= Problem =
Once the line holding "318 E 12th St APT 2, Medford, OR 97501" appears, repeat it and each line after it to the end of the data, exactly and with nothing else; pictures stay out.
■ ■ ■ ■ ■
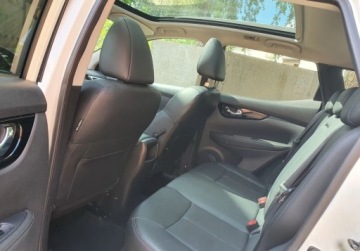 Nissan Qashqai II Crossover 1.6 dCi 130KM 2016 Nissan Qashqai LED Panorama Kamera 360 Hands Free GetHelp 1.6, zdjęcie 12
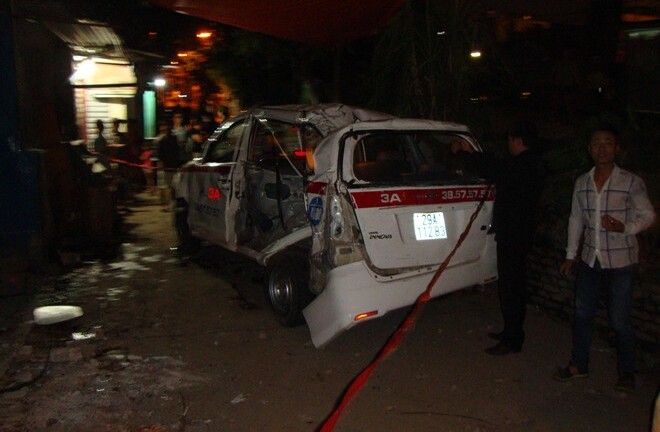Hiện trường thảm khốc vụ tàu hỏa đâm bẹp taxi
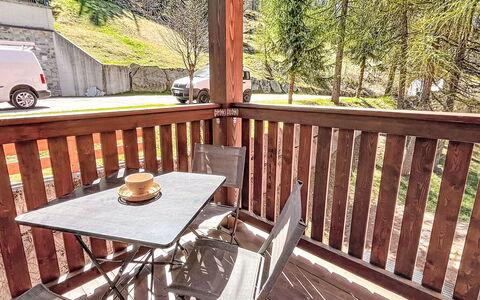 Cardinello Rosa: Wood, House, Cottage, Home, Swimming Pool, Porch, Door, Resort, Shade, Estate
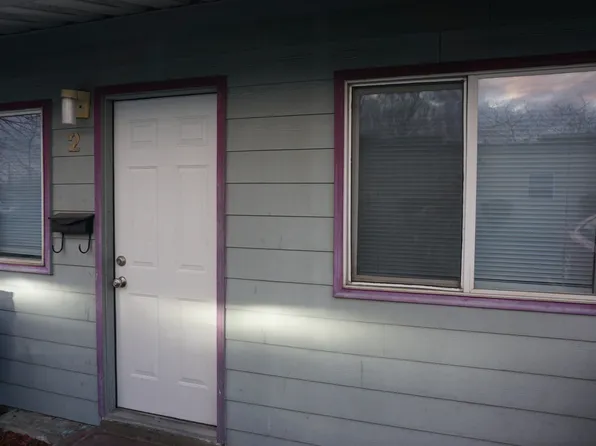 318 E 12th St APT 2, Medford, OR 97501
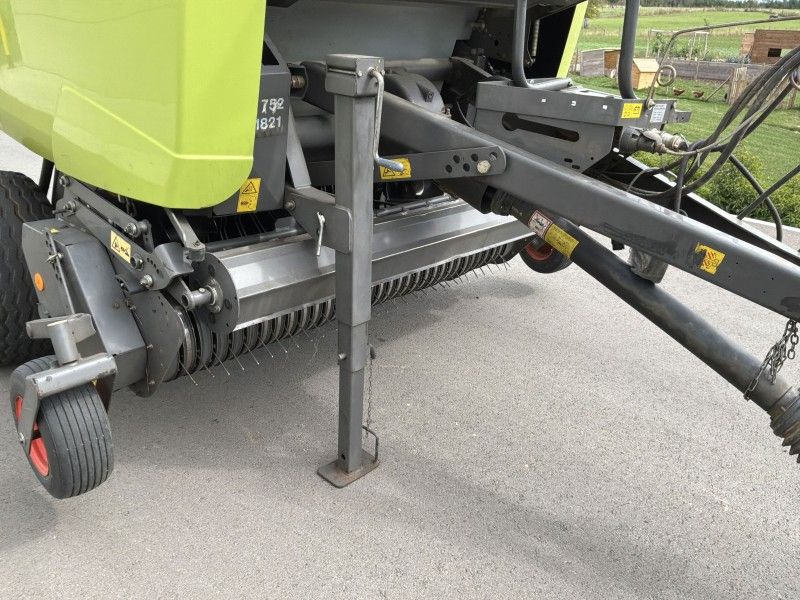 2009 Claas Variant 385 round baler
■ ■ ■ ■ ■
= Problem solution =
 318 E 12th St APT 2, Medford, OR 97501
 2009 Claas Variant 385 round baler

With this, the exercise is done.